Alternating Hemiplegia of Childhood (AHC) is a rare neurological disorder that primarily affects children. It is characterized by recurrent episodes of temporary paralysis or weakness, often impacting one side of the body, though it can shift to the other side or even affect both sides simultaneously. This condition, first described in 1971, has a profound impact on a child’s development, presenting a complex and often unpredictable course.
Defining Alternating Hemiplegia of Childhood
AHC is an exceptionally rare, chronic neurodevelopmental disorder that typically becomes apparent in infancy or early childhood, usually before 18 months of age. The term “alternating hemiplegia” directly refers to its defining symptom: episodes of weakness or paralysis that can alternate between the left and right sides of the body. These episodes can also sometimes manifest as full-body paralysis (quadriplegia).
The episodic nature of AHC means that these periods of weakness or paralysis are transient, lasting from minutes to days, or even weeks in some instances. A distinctive feature is that these symptoms often resolve completely during sleep, only to reappear shortly after waking. Beyond the hallmark paralysis, AHC involves a wide spectrum of neurological issues that can vary significantly among individuals and even within the same child over time.
Key Features and Symptoms
The most prominent symptom of AHC is the paroxysmal, or sudden and episodic, attacks of hemiplegia. These attacks involve weakness or paralysis that can affect one side of the body, shift to the other, or involve all four limbs. The duration and frequency of these episodes are highly variable, occurring daily, weekly, or less often.
Beyond the hemiplegic attacks, children with AHC experience a range of other associated symptoms. Dystonia, characterized by sustained muscle contractions causing twisting or repetitive movements and abnormal postures, is a common feature. Involuntary eye movements, specifically nystagmus, are frequently observed and can be among the earliest signs of the disorder.

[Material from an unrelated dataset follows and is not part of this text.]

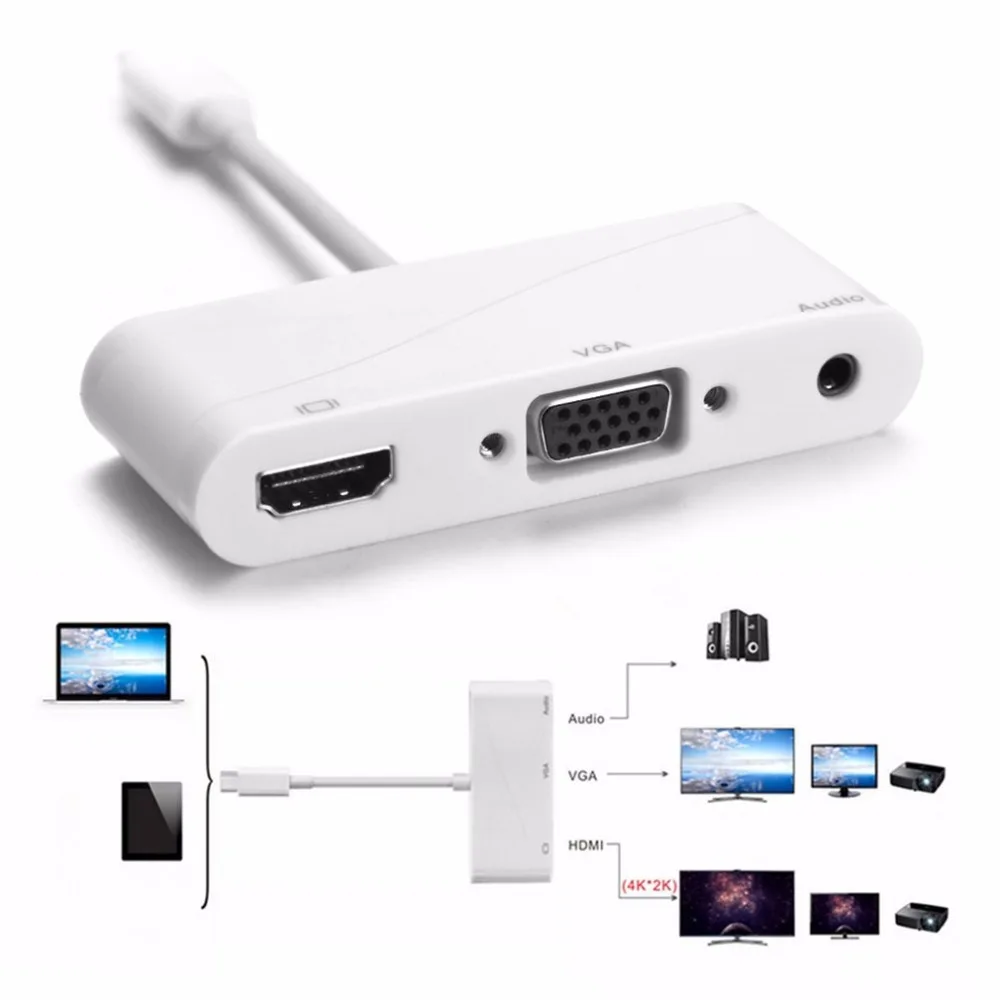 Высококачественный USB 3,1 тип-c к HDMI VGA Аудио HD адаптер высокой четкости конвертер с тип-c к VGA кабель Белый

Other symptoms include autonomic disturbances, which can manifest as changes in skin color, sweating, or fluctuations in body temperature. Developmental delays are almost universally present, affecting motor skills, cognitive function, and speech. While less common than the non-epileptic paroxysmal events, some children with AHC may also experience epileptic seizures. Additionally, ataxia, a lack of muscle coordination leading to balance and walking problems, is another symptom that can occur.
The Underlying Causes
The primary cause of Alternating Hemiplegia of Childhood is typically traced to mutations in the ATP1A3 gene. This gene provides the instructions necessary for producing a protein that is a subunit of the sodium-potassium pump (Na+/K+-ATPase). This pump plays a fundamental role in maintaining the balance of sodium and potassium ions across the membranes of nerve cells in the brain.

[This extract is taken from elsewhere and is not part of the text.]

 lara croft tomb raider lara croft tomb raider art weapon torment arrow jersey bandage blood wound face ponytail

When a mutation occurs in the ATP1A3 gene, it disrupts the proper functioning of this ion pump, leading to an imbalance of ions within the nerve cells. This cellular dysfunction is believed to underlie the diverse neurological symptoms observed in AHC. While ATP1A3 mutations account for approximately 70-80% of AHC cases, other genes such as ATP1A2 and RHOBTB2 have also been implicated in a smaller percentage of individuals. In most instances, the ATP1A3 gene mutation is de novo, meaning it is a new mutation that was not inherited from either parent. However, in rare cases, the mutation can be inherited.
Diagnosis and Management Approaches
Diagnosing AHC relies on clinical evaluation, identifying the characteristic pattern of symptoms. Genetic testing for ATP1A3 mutations is crucial for confirmation. Other conditions that might present with similar symptoms must also be ruled out.

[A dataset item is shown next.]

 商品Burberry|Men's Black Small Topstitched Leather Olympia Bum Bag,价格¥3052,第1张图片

There is no cure for AHC; management focuses on alleviating symptoms and providing supportive care. A multidisciplinary approach involves a team of specialists including neurologists, physical therapists, occupational therapists, speech therapists, and educators. Medications like flunarizine, a calcium antagonist, are often used to reduce the frequency, severity, and duration of attacks. Benzodiazepines may be prescribed to induce sleep, which can resolve an acute episode.
Therapies, including physical, occupational, and speech therapy, address developmental delays and improve motor skills, coordination, and communication. Educational support accommodates learning differences. Identifying and managing triggers (e.g., stress, fatigue, temperature changes, illness) helps prevent or lessen episode severity. Individualized care plans are essential, as symptoms and needs vary considerably.